The next night, after the turning was completed, Ashley June emerged from the Pit. She snarled at the people around her, smacking them aside with a glorious newfound strength. They sniffed
her, could not understand. Where had the heper odor gone? When they realized she was just as they were and that she had just pulled a cruel prank on them, they poured into the Pit.

They demolished everything down there in their yearning to taste anything heper. Nothing survived. Everything was licked and ripped to shreds. Even the notes were torn asunder. All except
one: the letter—that she had folded and tucked into her back pocket. But she found she didn’t even need to look at that letter to know the only words that mattered. Just four
words.

Up in the mountains.

Fifty-three

S
OMETHING HAPPENS
.
INSIDE
the Palace. We sense it miles before we reach the gigantic disc-shaped building. The wind,
once saturated with heper blood, suddenly loses its pungency. Only the slightest of scents remain. Sissy and I pause. The heper massacre is over. All heper bodies have been devoured, flesh eaten,
blood drunk.

Sissy shakes her head, and long trails of saliva loop around her head. She seems conflicted. Without the heavy influence of heper odor overloading her senses, older priorities are being
reclaimed.

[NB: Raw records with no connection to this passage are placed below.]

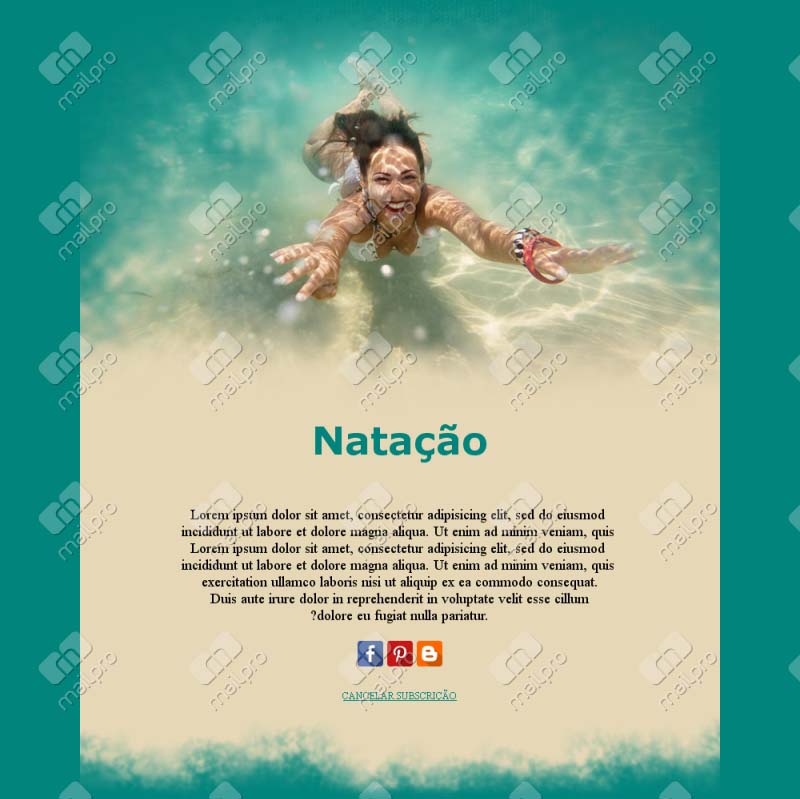 Diversão na Piscina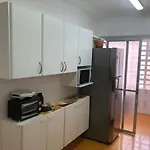 Apartamento Aconchegante Guaruja Pitangueiras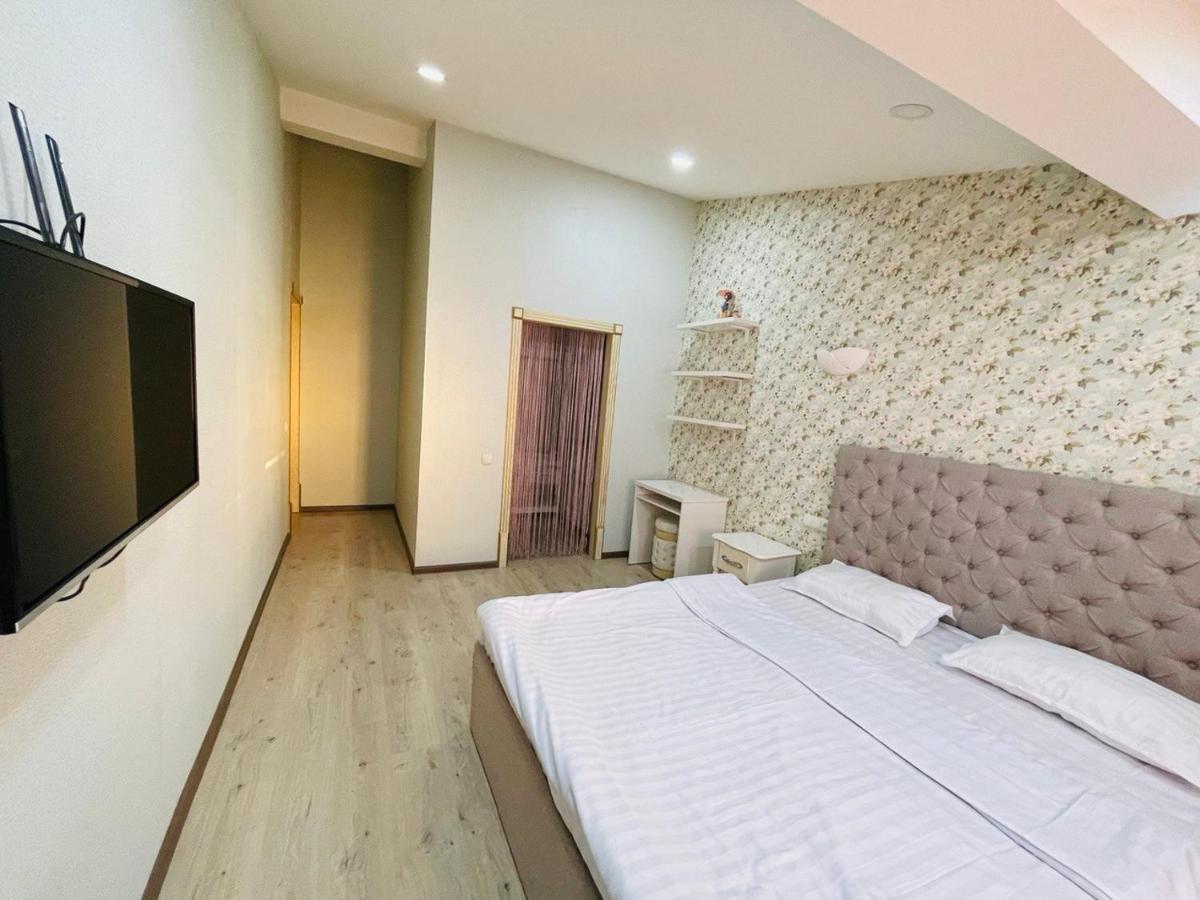 Aleksandra Apartment Szamarkand Kültér fotó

She’s thinking about David. She’s thinking about re-turning. She’s thinking about the Origin weapons.

I’m thinking about David, too. But not necessarily in the same way Sissy is.

Behind us, the rumble of the millions increases. More of them, and closer now. Sissy and I push forward. A mile from the wall, we see movement along the ramparts, dots of people racing about. We
hear their excited voices, chaotic and exuberant.

Once we reach the walls of the Palace, Sissy and I don’t slow down but leap up the walls, scaling the ancient marble easily. We race along the parapet walk, observing the chaos below.
Staffers are running across the courtyard, most of them naked, hair disheveled, eyes keening and hungry. But despite the electricity in the air, it is plainly leftover excitement. We’re
joining the party late, the apex long passed, the aftermath cooldown already begun. The carnage is over.

But instead of slowing down, a renewed energy surges through Sissy. She stares up at the obelisk, considering, then bursts forward. She leaps down to a lower level, tears along the roof of a
covered parapet walk before jumping to the courtyard. She’s barely landed before she’s springing forward, charging down a corridor as if possessed. She doesn’t look back,
certainly doesn’t wait for me. It’s all I can do to simply keep her in sight as I bound after her.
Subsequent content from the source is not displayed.